PGE zamierza pozyskać z emisji ok. 5 mld zł netto, z czego 3,5 mld zł na program inwestycyjny, a 1,5 mld zł na odkupienie od Skarbu Państwa pakietów mniejszościowych w niektórych spółkach zależnych PGE.

Przedział cenowy akcji ustalono na 17,5-23 zł. Ostateczna cena akcji oferowanych - oraz ostateczny podział na transze - zostanie ustalona 27 października. Oferującym jest UniCredit CA IB.

Reklama

Chętni na nowe akcje mogą dostać bonus - czyli dywidendę

Zgodnie z informacjami zawartymi w prospekcie emisyjnym PGE rozważa wypłatę zaliczki na poczet przewidywanej dywidendy za 2009 rok. Emitowane w obecnej ofercie akcje uczestniczyłyby w dywidendzie w takim samym stopniu jak akcje już istniejące.

"Zarząd emitenta rozważa obecnie podjęcie uchwały o wypłacie zaliczki na poczet przewidywanej dywidendy za rok 2009. Zgodnie z Uchwałą emisyjną akcje oferowane uczestniczą w dywidendzie za 2009 rok na takich samych zasadach jak akcje istniejące" - napisano w prospekcie emisyjnym. "Wypłaty dywidendy przez spółkę będą zależeć również od stanowiska Skarbu Państwa będącego dominującym akcjonariuszem w spółce".

"Problemów ze sprzedażą akcji PGE nie będzie"

– Patrząc na zainteresowanie, jakim cieszy się oferta PGE, jeszcze zanim się zaczęła, wydaje mi się, że problemów ze sprzedażą akcji nie będzie. Trudno jednak ocenić, czy i jaki może być poziom redukcji zapisów inwestorów indywidualnych na akcje w ofercie. O tym zadecyduje cena, po jakiej będą sprzedawane akcje – mówi Kamil Kliszcz z Domu Inwestycyjnego BRE.

– Powodzenie oferty PGE oceniam optymistycznie. Jest dosyć duże zainteresowanie zakupem akcji grupy. Przynajmniej przez kilka lat powinna ona zachować swoją uprzywilejowaną pozycję na rynku wytwarzania energii elektrycznej – mówi Jarosław Wajer z firmy doradczej Ernst & Young.

PGE to główny gracz w branży energetycznej w Polsce

Według danych za 2008 rok udział PGE w produkcji energii elektrycznej wynosił 38,7 proc., w dystrybucji 28,4 proc. i około 25 proc. w sprzedaży.
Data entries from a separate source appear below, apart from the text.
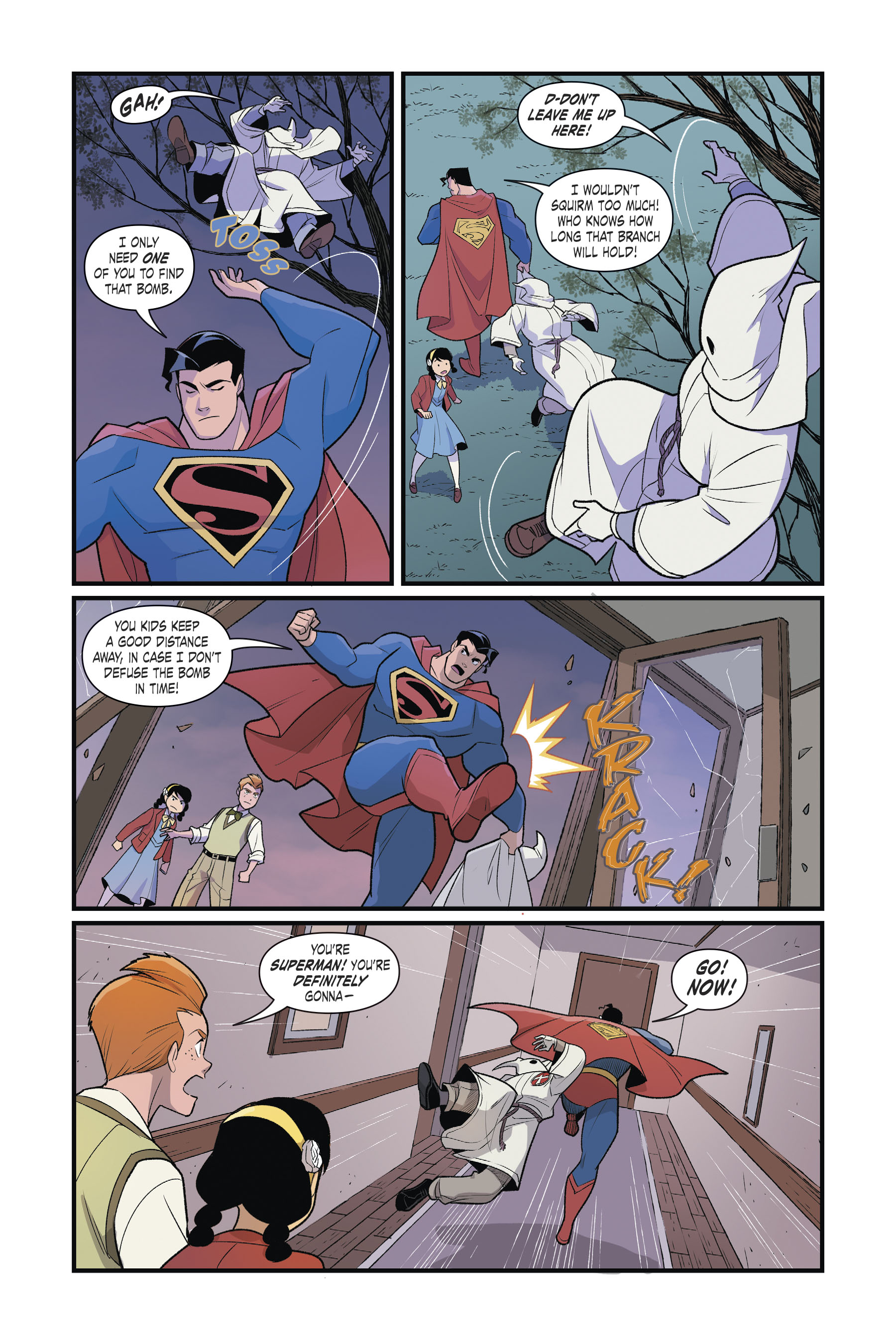 Read online Superman Smashes the Klan comic -  Issue #2 - 65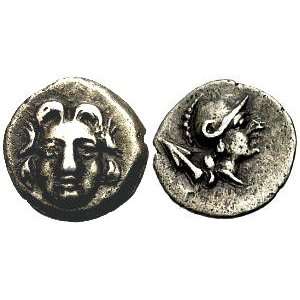  Selge, Pisidia, c. 300   190 B.C.; Silver Obol Toys 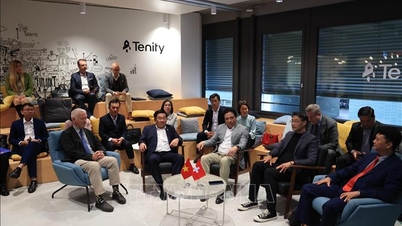 Misi untuk menghubungkan bisnis Swiss dengan daerah-daerah di Vietnam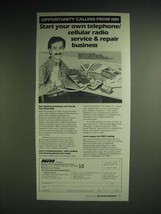 1985 NRI Schools Ad - Opportunity calling from NRI Start your own telephone - £14.72 GBP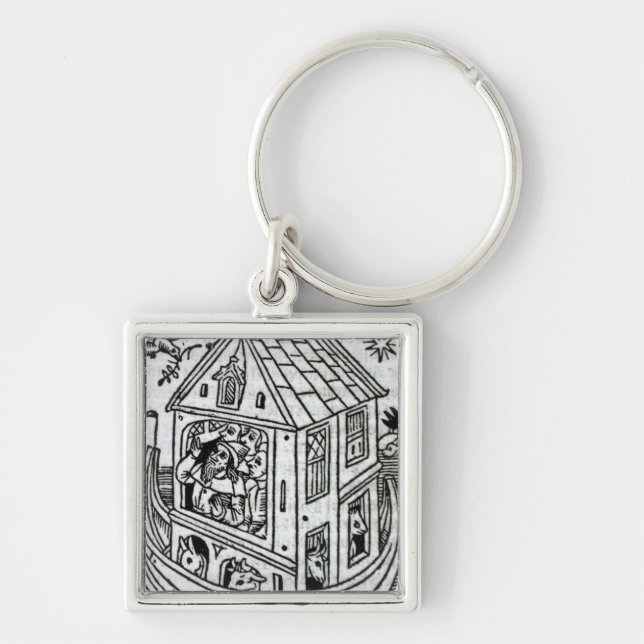 Porte-clés L'arche de Noé (Devant)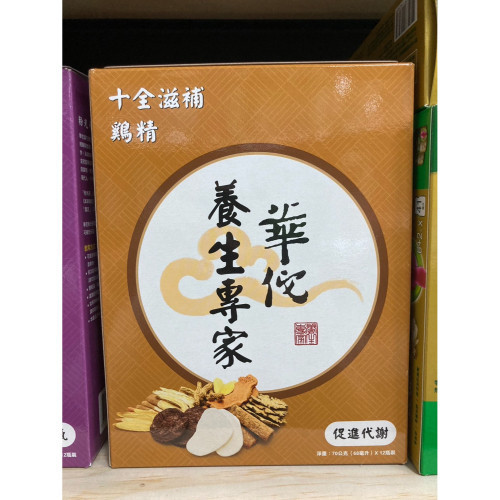 華陀雞精12入(十全滋補)新(58216) 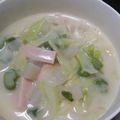菜果志's cooksnap of when they made たっぷりお野菜＊味噌ミルクスープ.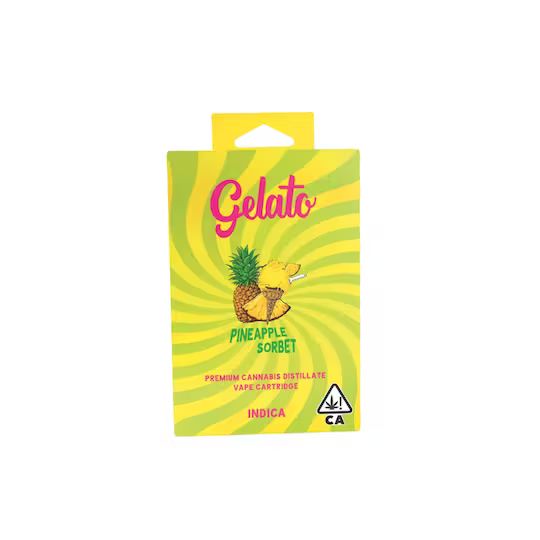 Gelato - PINEAPPLE SORBET 1G CARTRIDGE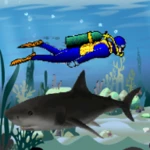 Logo of Shark Attack android Application 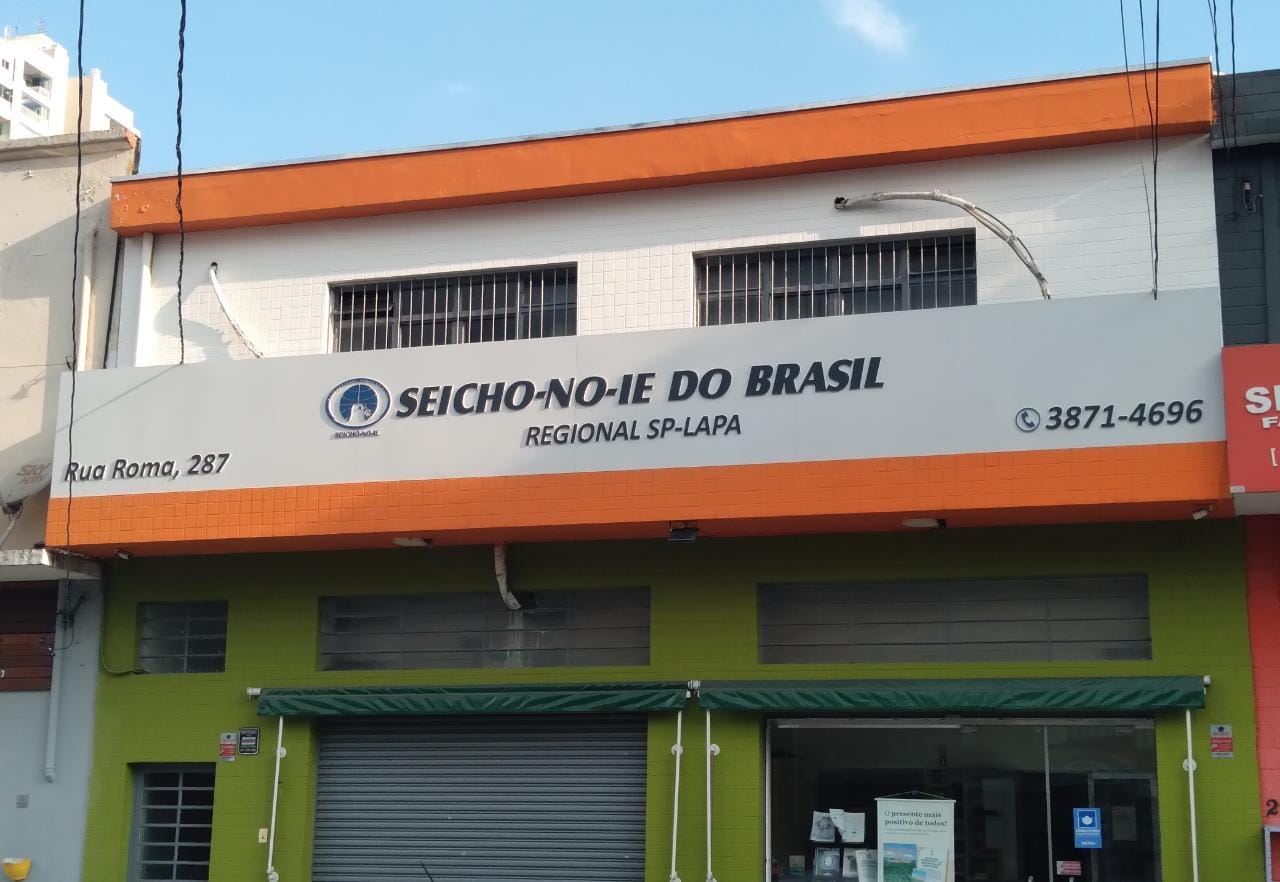 sp lapa regional na lapa SEICHO-NO-IE DO BRASIL - Regionais em Português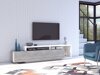 TV-bord Lutiva 103 (Hvid + Beton)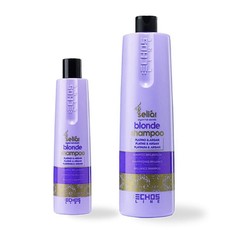 Снят с пр-ва Шампунь с микрочастицами платины и аргановым маслом SELIAR BLONDE ECHOS LINE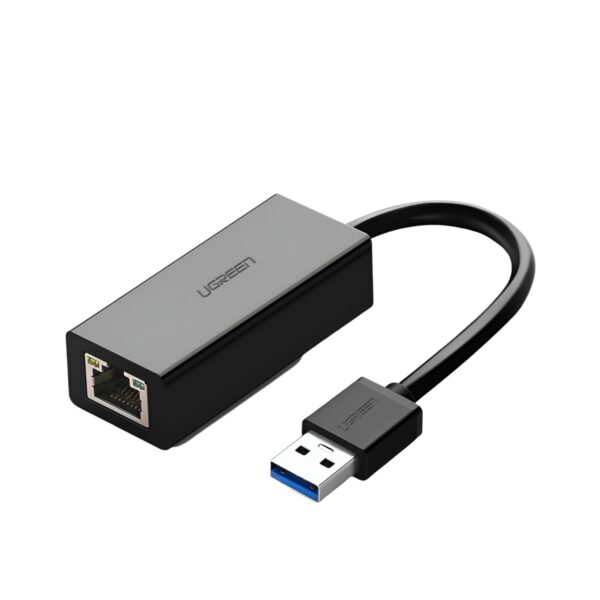 CR111-20256-WR-01 UGREEN CM111 USB3.0 to RJ5 Gigabit Ethernet Adapter - Black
W ubiegłym roku grupa miała około 20,6 mld zł przychodów i zarobiła netto około 2,7 mld zł.

Konkurencja na razie nie jest w stanie zagrozić PGE. Obecnie istniejące plany budowy elektrowni zakładają bowiem ich oddanie w 2014 roku lub później. PGE nie musi się także obawiać importu, bo nie ma sieci, którymi prąd z zagranicy mógłby popłynąć do Polski. W najbliższych latach nie planuje się uruchomienia nowych połączeń transgranicznych na południu, północy i zachodzie Polski. Z kolei nieczynne linie wschodnie mogą najwcześniej ruszyć prawie za trzy lata.

PGE ma obecnie około 5 mln odbiorców. Jednak spółka zapowiedziała, że w najbliższych latach chce powiększyć to grono o kolejne 2–3 mln podmiotów. Dzięki temu bowiem będzie w stanie sprzedawać swoim odbiorcom tyle prądu, ile wytwarza. Teraz bowiem PGE jest jedynym graczem na rynku, który produkuje więcej niż sprzedaje swoim klientom. W rezultacie spółka dominuje na rynku hurtowym. Taka sytuacja ma pozytywny wpływ na jej wyniki.